# Myrtle Beach State Park



## davidh7863 (Mar 31, 2009)

Hi all. I am new to this site, and fairly new to the Myrtle Beach area, having moved here in Nov. With a SC State Park pass, is there an additional daily fee to fish from the pier in the MB State Park? Also, is that also the case at Huntington State Park? The way I read it one can fish from the surf with the entrance pass, but not sure about the pier. 

Thanks


----------



## Danman (Dec 13, 2007)

Welcome to the site...I fished mb state park a few years now...Yes there is a fishing fee to fish the pier..its atleast 6.50...huntington state park doesn't have a pier...If you are disabled or a senior a season pass for mbsp pier is 52.00 if not it is 106.00:fishing: It is free to fish the surf in any park or strand beach


----------



## SmoothLures (Feb 13, 2008)

You can fish from the surf at either one with the pass, but at the MBSP there's an additional $5 charge to fish the pier from what I've heard. I would try the jetties at Huntington Beach.


----------



## davidh7863 (Mar 31, 2009)

Thanks for the info. I was reading about the jetties at Huntington, and yes, I think I will check them them out. Sounds like a good spot.


----------



## MDubious (May 10, 2008)

Jetties...nuff said


----------



## Southern Man (Oct 28, 2007)

davidh7863 said:


> Thanks for the info. I was reading about the jetties at Huntington, and yes, I think I will check them them out. Sounds like a good spot.


I'm old but, I will tell you what we can meet at Huntington, I will let you put your stuff on my cart if you will pull it there and back


----------



## zooqi (Apr 4, 2009)

So Huntington is good for surf ? My family have the pass and we been using it and we did not wanted to get it untill may when is due. Went to Pawley Island today and somebody was surffishing but he did not catch any.

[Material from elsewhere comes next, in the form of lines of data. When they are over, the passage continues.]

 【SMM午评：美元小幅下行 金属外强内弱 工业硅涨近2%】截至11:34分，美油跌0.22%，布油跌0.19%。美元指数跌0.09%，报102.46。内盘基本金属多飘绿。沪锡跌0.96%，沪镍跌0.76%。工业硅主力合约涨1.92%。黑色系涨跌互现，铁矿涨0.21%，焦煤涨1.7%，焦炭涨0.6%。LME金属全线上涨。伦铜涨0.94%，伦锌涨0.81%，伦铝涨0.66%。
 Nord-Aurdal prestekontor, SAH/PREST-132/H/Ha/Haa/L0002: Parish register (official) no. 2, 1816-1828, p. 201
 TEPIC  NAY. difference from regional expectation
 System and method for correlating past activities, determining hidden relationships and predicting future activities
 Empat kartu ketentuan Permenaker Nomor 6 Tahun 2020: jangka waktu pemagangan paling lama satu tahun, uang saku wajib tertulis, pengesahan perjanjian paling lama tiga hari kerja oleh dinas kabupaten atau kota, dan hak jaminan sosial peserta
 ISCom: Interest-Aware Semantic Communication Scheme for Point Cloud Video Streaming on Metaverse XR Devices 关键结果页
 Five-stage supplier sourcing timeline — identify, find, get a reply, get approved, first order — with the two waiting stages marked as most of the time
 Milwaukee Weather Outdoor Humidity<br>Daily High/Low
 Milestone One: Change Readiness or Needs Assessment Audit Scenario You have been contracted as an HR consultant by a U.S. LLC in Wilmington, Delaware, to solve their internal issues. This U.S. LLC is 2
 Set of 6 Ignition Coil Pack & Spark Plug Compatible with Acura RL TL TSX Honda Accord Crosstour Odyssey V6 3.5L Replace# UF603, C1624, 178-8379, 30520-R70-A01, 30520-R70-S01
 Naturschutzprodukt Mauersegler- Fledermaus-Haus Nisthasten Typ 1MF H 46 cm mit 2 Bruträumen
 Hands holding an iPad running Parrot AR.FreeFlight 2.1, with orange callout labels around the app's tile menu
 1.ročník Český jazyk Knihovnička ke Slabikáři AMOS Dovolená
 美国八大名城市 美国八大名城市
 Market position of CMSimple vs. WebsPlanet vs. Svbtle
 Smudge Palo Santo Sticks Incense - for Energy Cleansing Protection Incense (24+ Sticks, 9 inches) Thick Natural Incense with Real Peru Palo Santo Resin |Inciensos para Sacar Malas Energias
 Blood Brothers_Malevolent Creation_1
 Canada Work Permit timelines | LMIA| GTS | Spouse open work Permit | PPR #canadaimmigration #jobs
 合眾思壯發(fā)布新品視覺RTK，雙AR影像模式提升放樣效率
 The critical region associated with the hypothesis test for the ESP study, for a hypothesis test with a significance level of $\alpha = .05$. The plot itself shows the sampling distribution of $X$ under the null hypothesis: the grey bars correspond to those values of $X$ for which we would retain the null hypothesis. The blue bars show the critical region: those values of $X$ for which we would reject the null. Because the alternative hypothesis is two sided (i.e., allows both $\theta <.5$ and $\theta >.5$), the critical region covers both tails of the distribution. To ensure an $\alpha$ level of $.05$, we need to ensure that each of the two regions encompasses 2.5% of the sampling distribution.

He said that fishing is almost here and he lives two houses from the beach.


----------



## bluefish1928 (Jun 9, 2007)

huntington surf is flat(like most of sc surf), but the jetty is a fish magnet(never gets crowded), set out a dozen rods if u want(doubt u could handle that,carrying all the way to the jetty).fish caught at jetty include bluefish, flounder, sheepshead(i dont do this myself but seen ppl successfully catch up to a dozen in less than an hour), Spanish mackerel, trout(spotted seatrout and weakfish), red drum, spot, and croaker.


----------